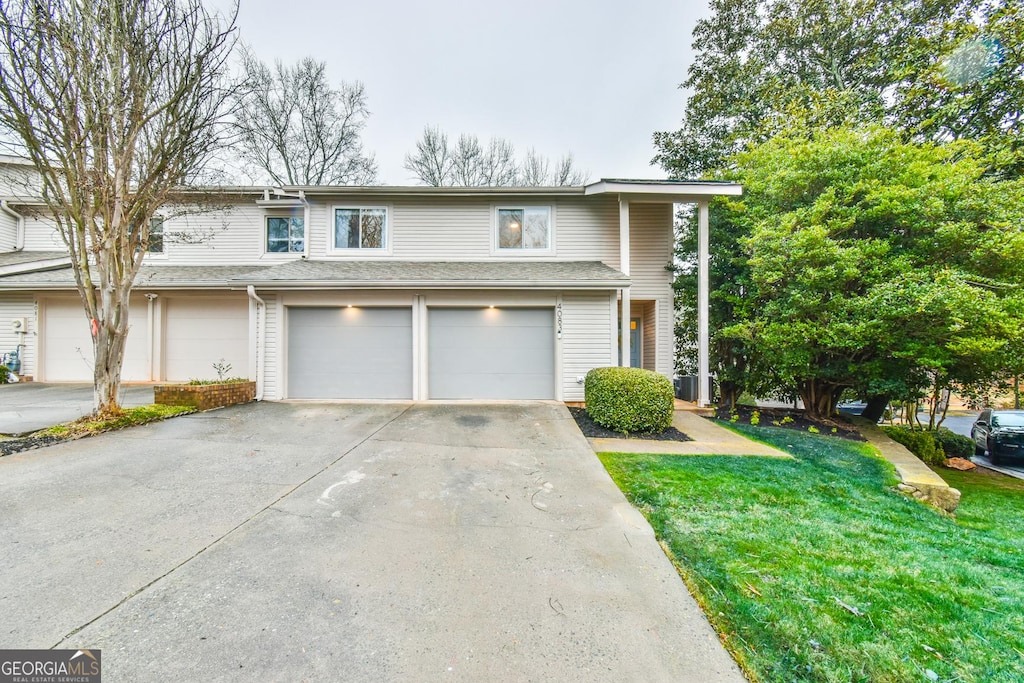 front of property featuring a garage and a front yard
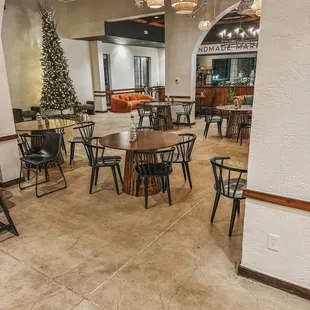 a dining area with tables and chairs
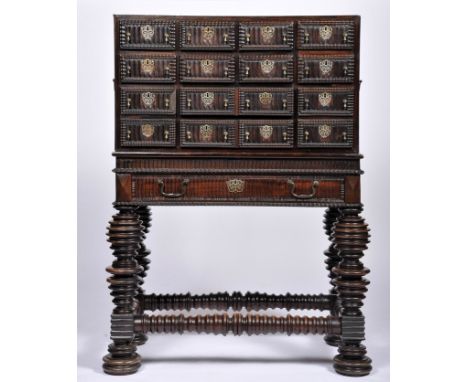 A twelve drawer cabinet simulating sixteen with stand, Brazilian rosewood, wavy drawer fronts and bands, ripple-moulded friez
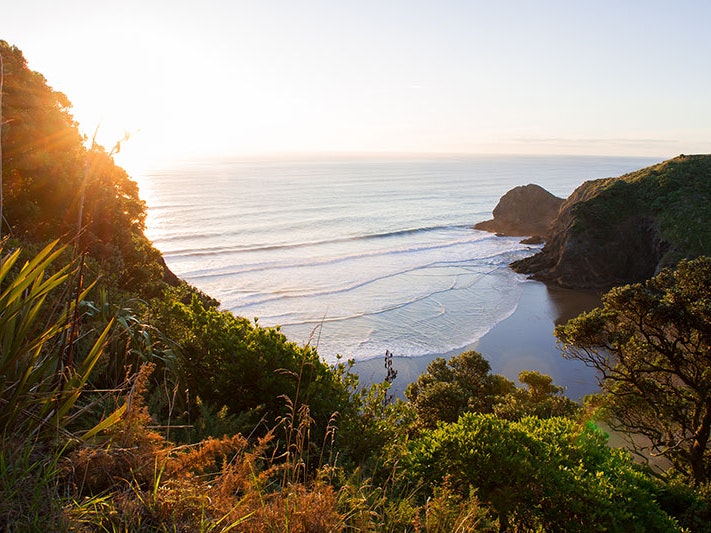 Whites Beach, Auckland, 2018. Photo by Kyle Myburgh / Unsplash View of a small cove and beach from above with the sun setting out on the water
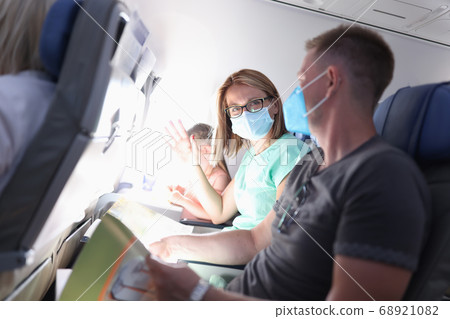 Happy family tete on airplane sitting on diy on vacation portrait 68921082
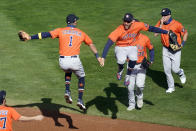 Houston Astros' Carlos Correa, left, and Houston Astros' George Springer, leap in celebration after they defeated the Minnesota Twins 3-1 in Game 2 to clinch the American League wild-card baseball series, Wednesday, Sept. 30, 2020, in Minneapolis. (AP Photo/Jim Mone)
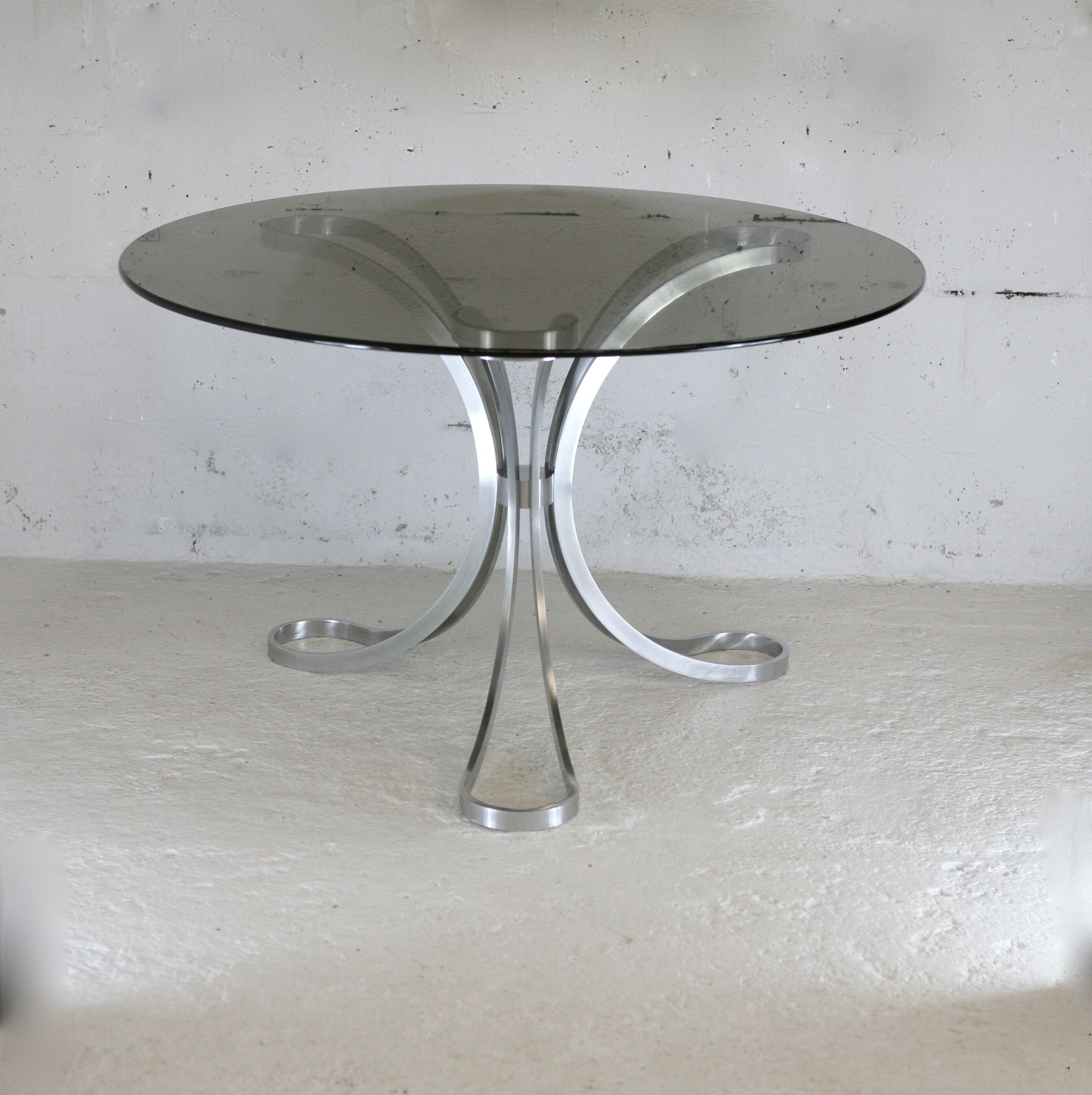 Living room table "Space Age" polished steel, circular slab smoked glass. France, circa 1970.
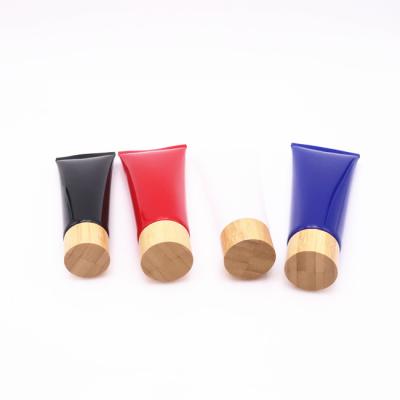 China High quality hot sale cosmetic empty cosmetic plastic tube with bamboo cover refillable cosmetics tube for sale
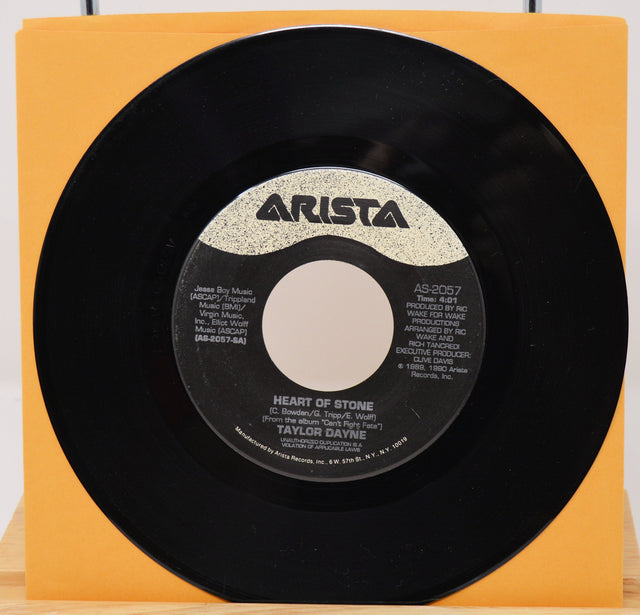 Taylor Dayne Heart Of Stone 7-inch vinyl single released by Arista Records in 1989 with orange sleeve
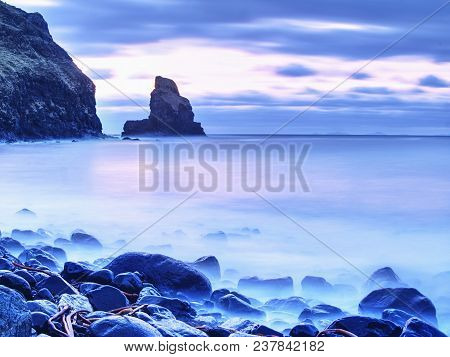 The Rest Of The Day In Rocky Bay. Evening Light On The Rocks, Boulders And Cliff Face Of Talisker Ba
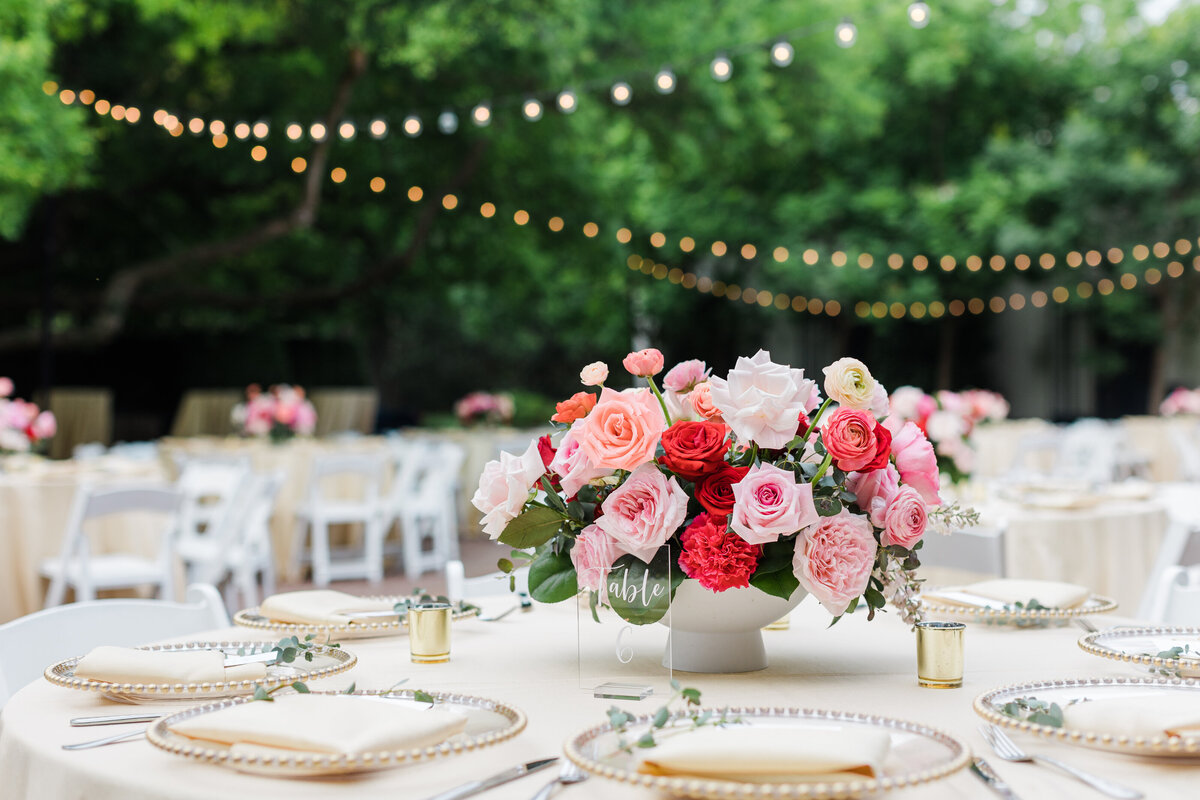 A detail shot of a reception table at a wedding reception at The Dallas Arboretum in Dallas, Texas. The large round table has a cream tablecloth, multiple fancy place settings, and a centerpiece made up of a large bouquet of pink, white, and red roses and multiple candles. Similar tables can be seen in the backyard while strings of cafe lights criss cross over head.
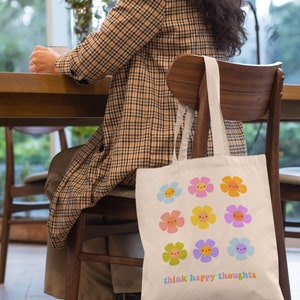 Pu&ograve; includere: Una borsa tote in tela bianca con un design floreale colorato e il testo "think happy thoughts".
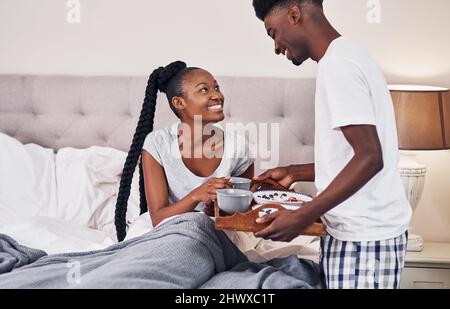 Man fühlt sich nicht wohl, also habe ich Frühstück gemacht. Aufnahme eines jungen Mannes, der seine Freundin zum Frühstück ins Bett brachte. Stockfoto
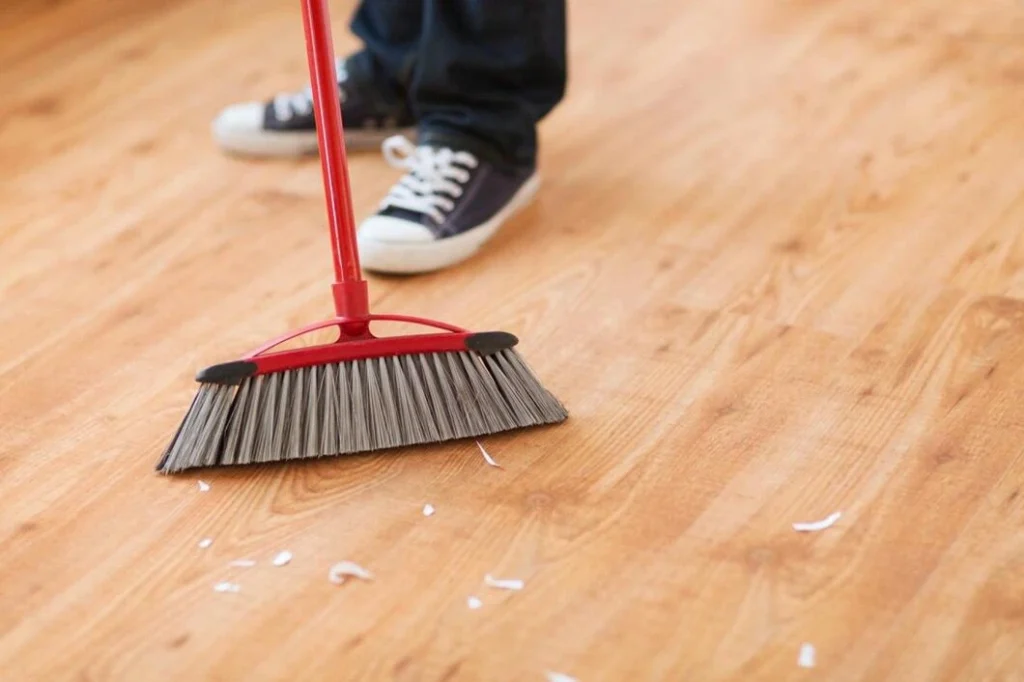 Person unsafely cleaning wood flooring with a hard hand broom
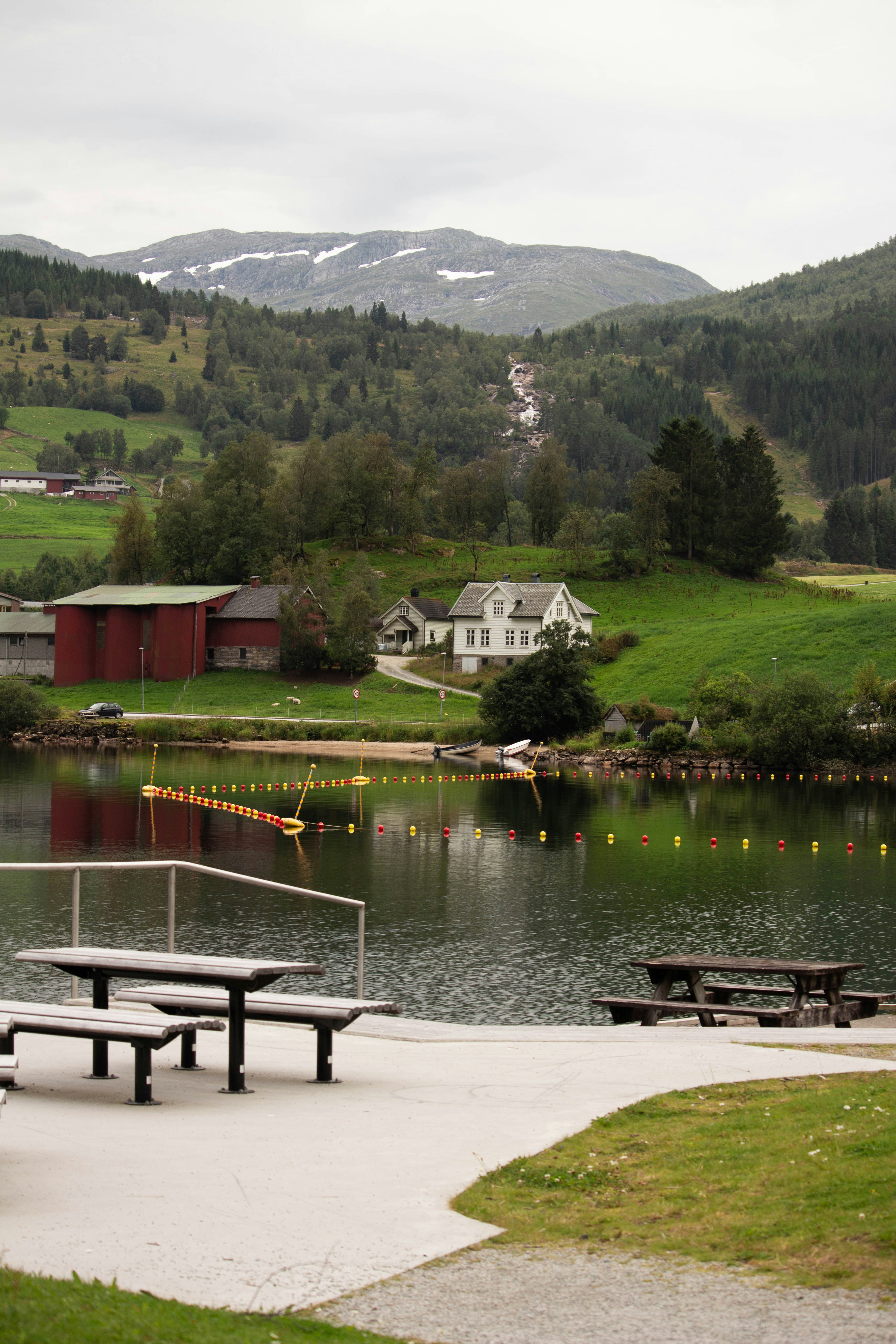 Træpicnicborde med udsigt over en sø med fjerntliggende farverige huse.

Activity:
In the listing above, find the line holding "Houston Astros' Carlos" and the line holding "China High quality". Reproduce those two lines and all between them exactly, leaving out pictures.

Exercise output:
 Houston Astros' Carlos Correa, left, and Houston Astros' George Springer, leap in celebration after they defeated the Minnesota Twins 3-1 in Game 2 to clinch the American League wild-card baseball series, Wednesday, Sept. 30, 2020, in Minneapolis. (AP Photo/Jim Mone)
 Living room table "Space Age" polished steel, circular slab smoked glass. France, circa 1970.
 China High quality hot sale cosmetic empty cosmetic plastic tube with bamboo cover refillable cosmetics tube for sale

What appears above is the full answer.